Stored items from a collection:
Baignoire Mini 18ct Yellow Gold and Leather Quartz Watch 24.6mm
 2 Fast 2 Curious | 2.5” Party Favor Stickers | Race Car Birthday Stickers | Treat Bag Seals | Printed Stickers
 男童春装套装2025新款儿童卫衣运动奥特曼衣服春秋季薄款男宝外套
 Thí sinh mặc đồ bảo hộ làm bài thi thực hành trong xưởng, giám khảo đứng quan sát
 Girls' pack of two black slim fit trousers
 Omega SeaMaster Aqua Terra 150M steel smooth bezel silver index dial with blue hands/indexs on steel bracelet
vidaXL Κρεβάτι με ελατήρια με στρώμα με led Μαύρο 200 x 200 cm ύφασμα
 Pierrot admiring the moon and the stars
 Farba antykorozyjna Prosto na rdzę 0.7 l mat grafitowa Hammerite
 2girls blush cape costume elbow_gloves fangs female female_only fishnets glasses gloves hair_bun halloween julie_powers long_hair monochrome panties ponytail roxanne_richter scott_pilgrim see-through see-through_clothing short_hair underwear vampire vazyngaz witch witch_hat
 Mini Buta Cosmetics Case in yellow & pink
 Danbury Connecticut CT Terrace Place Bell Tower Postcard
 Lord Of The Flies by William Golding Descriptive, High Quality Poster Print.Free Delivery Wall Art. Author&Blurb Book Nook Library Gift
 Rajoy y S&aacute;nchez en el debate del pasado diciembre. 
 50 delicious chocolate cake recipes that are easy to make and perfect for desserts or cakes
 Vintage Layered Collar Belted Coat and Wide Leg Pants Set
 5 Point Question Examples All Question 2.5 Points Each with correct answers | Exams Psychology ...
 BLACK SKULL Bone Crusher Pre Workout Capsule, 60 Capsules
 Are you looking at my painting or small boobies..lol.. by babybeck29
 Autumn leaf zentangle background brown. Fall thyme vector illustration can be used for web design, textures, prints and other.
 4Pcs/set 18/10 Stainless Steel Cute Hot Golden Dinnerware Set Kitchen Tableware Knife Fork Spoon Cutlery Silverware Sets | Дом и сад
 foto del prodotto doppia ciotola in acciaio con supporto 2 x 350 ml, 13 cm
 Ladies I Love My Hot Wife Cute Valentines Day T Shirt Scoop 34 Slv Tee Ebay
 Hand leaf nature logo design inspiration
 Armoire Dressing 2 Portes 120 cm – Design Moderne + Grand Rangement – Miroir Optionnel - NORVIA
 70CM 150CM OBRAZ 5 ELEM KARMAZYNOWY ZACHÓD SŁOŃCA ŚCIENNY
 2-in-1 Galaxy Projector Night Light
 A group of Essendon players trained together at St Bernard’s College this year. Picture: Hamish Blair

Your objective:
Every entry above needs to be written out again exactly.

Answer to this problem:
Baignoire Mini 18ct Yellow Gold and Leather Quartz Watch 24.6mm
 2 Fast 2 Curious | 2.5” Party Favor Stickers | Race Car Birthday Stickers | Treat Bag Seals | Printed Stickers
 男童春装套装2025新款儿童卫衣运动奥特曼衣服春秋季薄款男宝外套
 Thí sinh mặc đồ bảo hộ làm bài thi thực hành trong xưởng, giám khảo đứng quan sát
 Girls' pack of two black slim fit trousers
 Omega SeaMaster Aqua Terra 150M steel smooth bezel silver index dial with blue hands/indexs on steel bracelet
vidaXL Κρεβάτι με ελατήρια με στρώμα με led Μαύρο 200 x 200 cm ύφασμα
 Pierrot admiring the moon and the stars
 Farba antykorozyjna Prosto na rdzę 0.7 l mat grafitowa Hammerite
 2girls blush cape costume elbow_gloves fangs female female_only fishnets glasses gloves hair_bun halloween julie_powers long_hair monochrome panties ponytail roxanne_richter scott_pilgrim see-through see-through_clothing short_hair underwear vampire vazyngaz witch witch_hat
 Mini Buta Cosmetics Case in yellow & pink
 Danbury Connecticut CT Terrace Place Bell Tower Postcard
 Lord Of The Flies by William Golding Descriptive, High Quality Poster Print.Free Delivery Wall Art. Author&Blurb Book Nook Library Gift
 Rajoy y S&aacute;nchez en el debate del pasado diciembre. 
 50 delicious chocolate cake recipes that are easy to make and perfect for desserts or cakes
 Vintage Layered Collar Belted Coat and Wide Leg Pants Set
 5 Point Question Examples All Question 2.5 Points Each with correct answers | Exams Psychology ...
 BLACK SKULL Bone Crusher Pre Workout Capsule, 60 Capsules
 Are you looking at my painting or small boobies..lol.. by babybeck29
 Autumn leaf zentangle background brown. Fall thyme vector illustration can be used for web design, textures, prints and other.
 4Pcs/set 18/10 Stainless Steel Cute Hot Golden Dinnerware Set Kitchen Tableware Knife Fork Spoon Cutlery Silverware Sets | Дом и сад
 foto del prodotto doppia ciotola in acciaio con supporto 2 x 350 ml, 13 cm
 Ladies I Love My Hot Wife Cute Valentines Day T Shirt Scoop 34 Slv Tee Ebay
 Hand leaf nature logo design inspiration
 Armoire Dressing 2 Portes 120 cm – Design Moderne + Grand Rangement – Miroir Optionnel - NORVIA
 70CM 150CM OBRAZ 5 ELEM KARMAZYNOWY ZACHÓD SŁOŃCA ŚCIENNY
 2-in-1 Galaxy Projector Night Light
 A group of Essendon players trained together at St Bernard’s College this year. Picture: Hamish Blair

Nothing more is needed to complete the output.